Try it - Repeat word for word the lines starting at the one with "Λουλούδια στις πλατείες" and ending at the final line of the material, both ends included; omit pictures.

Recorded data -

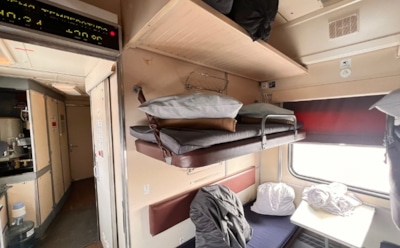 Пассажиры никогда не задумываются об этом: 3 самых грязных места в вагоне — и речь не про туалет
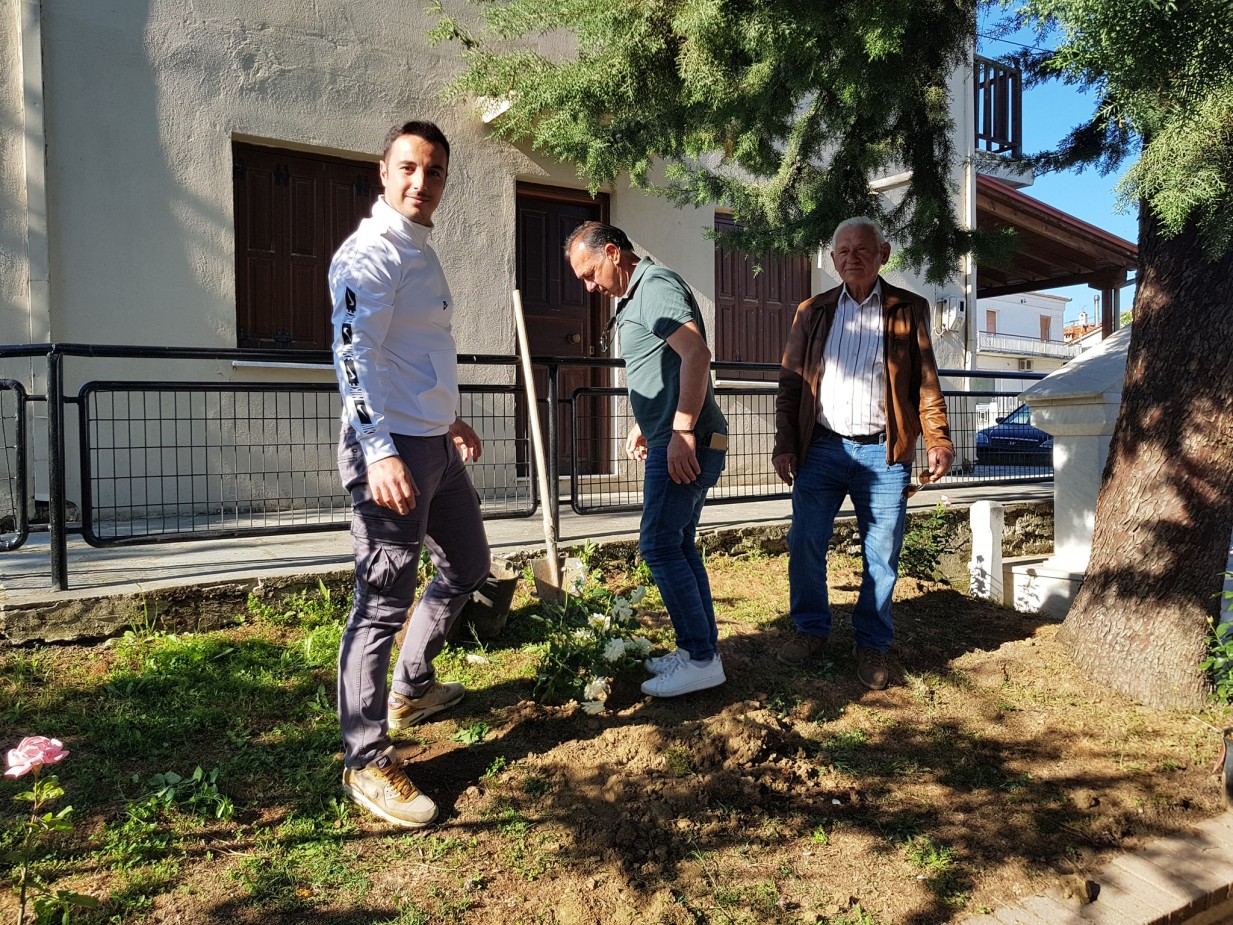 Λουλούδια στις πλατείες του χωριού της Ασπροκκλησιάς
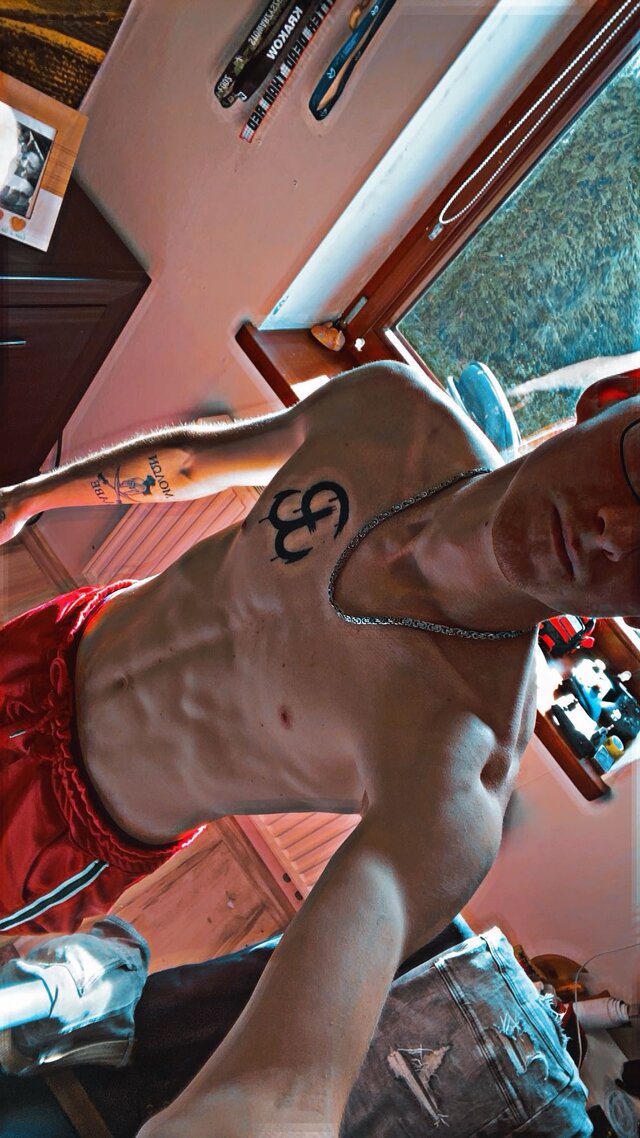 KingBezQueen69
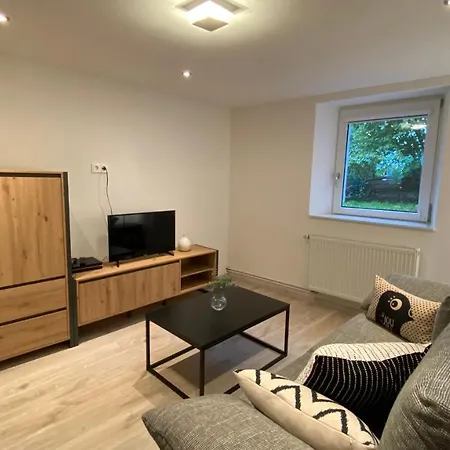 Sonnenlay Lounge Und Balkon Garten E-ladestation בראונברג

Solved exercise -
 Λουλούδια στις πλατείες του χωριού της Ασπροκκλησιάς
 KingBezQueen69
 Sonnenlay Lounge Und Balkon Garten E-ladestation בראונברג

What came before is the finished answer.